Fig. 3. A role for triglyceride lipase in lipid hydrolysis and longevity

(A) K04A8.5 RNAi partially restored fat storage in glp-1(e2141) (open bars, P < 0.001) but had a marginal effect in the wild type (solid bars, 10% increase in fat storage, P > 0.1)(n = 20 for each genotype and RNAi feeding). Blue, K04A8.5 RNAi; black, vector control. (B) K04A8.5 expression was up-regulated in glp-1 (P < 0.0001; solid bars, N2; open bars, glp-1). (C to E) Genetic mosaic analysis shows that the number and intensity of lipid droplets both decreased in the cell constitutively expressing K04A8.5, marked by GFP, relative to its sister cell. (F) K04A8.5 RNAi had no effect on the life span of wild-type animals (P > 0.01) but suppressed the increased longevity of glp-1 (P < 0.0001; 24% reduction in mean life span). (G) Constitutive expression of K04A8.5 in the intestine extended life span (P < 0.0001; 24% mean life-span extension).

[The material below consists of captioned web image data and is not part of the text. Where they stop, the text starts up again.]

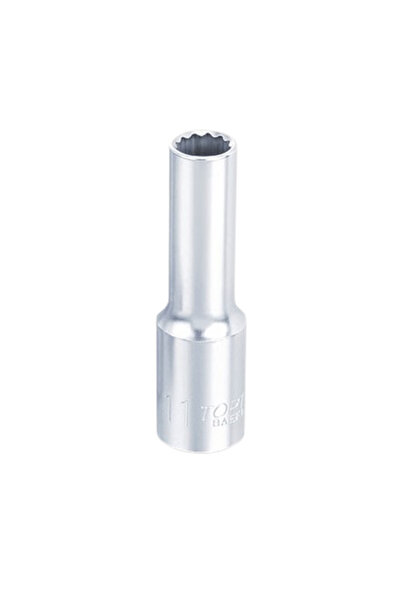 TOPTUL BAEF1609 TOPTUL deep socket wrench, 1/2 inch square drive, bi-hexagonal profile, opening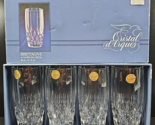 4 Cristal D’Arques Bretagne Highball Set Vintage Crystal Cut Tumblers Fr... - $69.17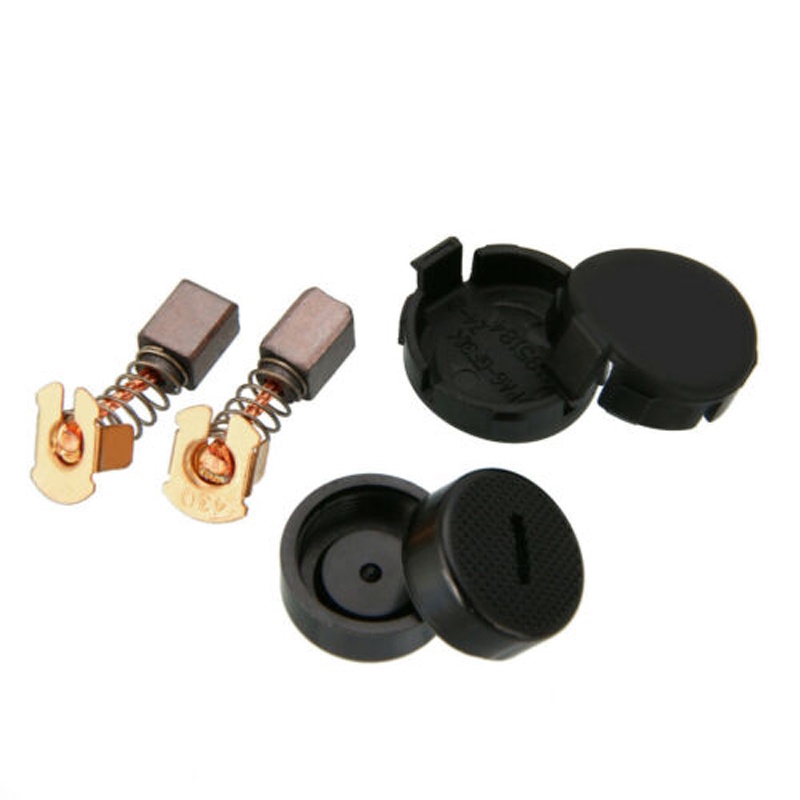 Bộ Chổi Than Và Nắp Đậy Cho Máy Mài Makita BGA450 BGA452 DGA452 GA400 BGA402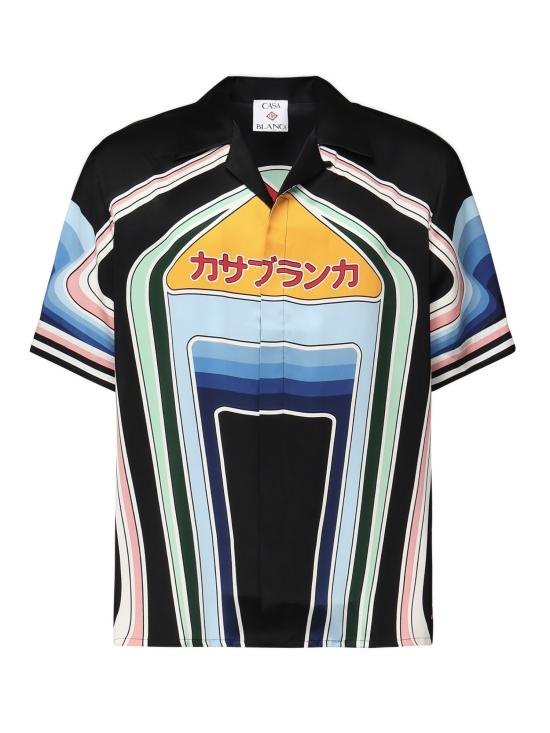 25FW 카사블랑카 반팔 셔츠 MPF25SH00306 MultiColour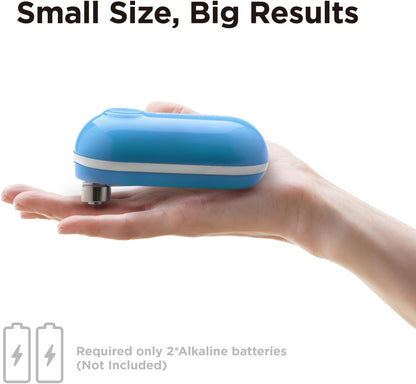 Kitchen Mama Mini Electric Can Opener Smooth Edge: Opens Can with One Press - Ultra-Compact, Hands-Free, Safe, Cordless, Seniors with Arthritis, Automatic, Battery Operated Appliances (Orange)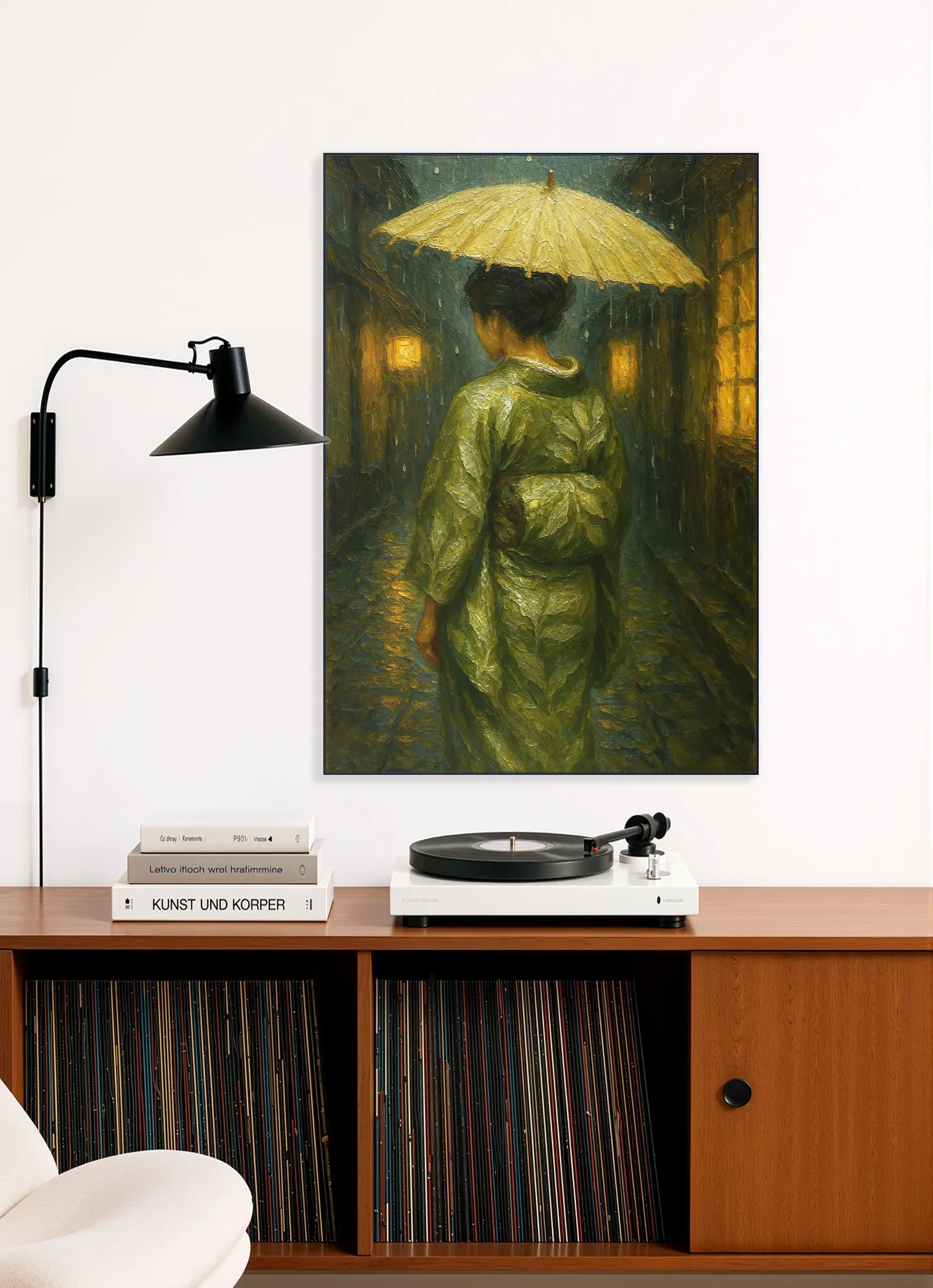 Geisha with a Parasol in the Evening Light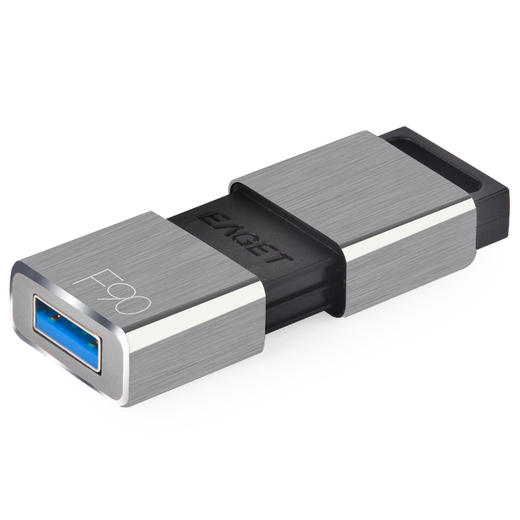忆捷 F90 U盘 USB3.0高速金属推拉式车载商务优盘 防尘 防水 防震 128GB 商品图0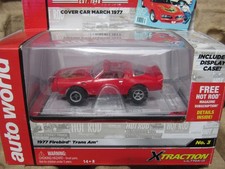 AutoWorld 1977 Pontiac Firebird Trans Am Hot Rod Cover Car March '77 HO Slot Car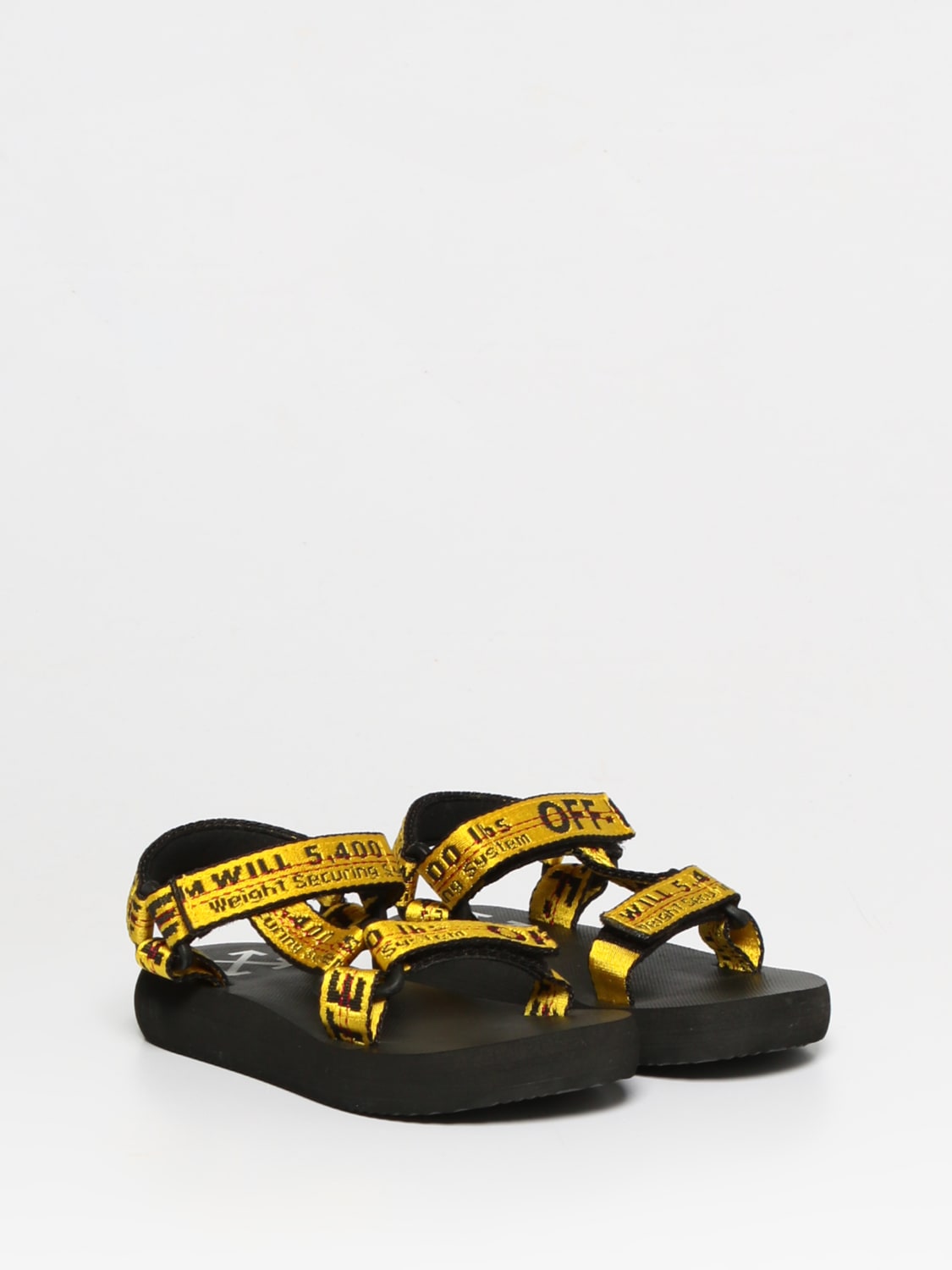 OFF-WHITE KIDS SCARPE: Sandalo Off-White in nylon, Giallo - Img 2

Fig. 4. Synergistic regulation of fat metabolism by GSC proliferation and insulin signaling

(A) Either daf-16 or kri-1 RNAi restored lipid accumulation in glp-1 (P < 0.0001); neither of them affected fat storage in the wild type (P > 0.05) (n = 17 for each genotype and RNAi feeding). Solid bars, N2; open bars, glp-1. (B) daf-16 and kri-1 were required to up-regulate K04A8.5 upon GSC arrest. daf-16 or kri-1 RNAi suppressed K04A8.5 induction in glp-1 (P < 0.001) (n = 15 for each genotype and RNAi feeding). Solid bars, N2; open bars, glp-1. (C) K04A8.5 was induced in animals subjected to daf-2 RNAi only at adulthood (P < 0.0001). This induction by daf-2 RNAi was enhanced in the glp-1 mutant (P < 0.0001). Green, daf-2 RNAi; black, vector control. Solid bars, N2; open bars, glp-1. (D) Adult-specific daf-2 RNAi decreased fat storage by 50% in the wild type (P < 0.0001). Loss of the germ line and reduction of daf-2 activity were synergistic in reducing fat storage (P < 0.0001). Green, daf-2 RNAi; black, vector control. Solid bars, N2; open bars, glp-1. (E) K04A8.5 RNAi partially suppressed the longevity of daf-2(e1370) mutants (P < 0.005; 24% decrease in mean life span) but had no effect on the life span of the wild type (P > 0.01).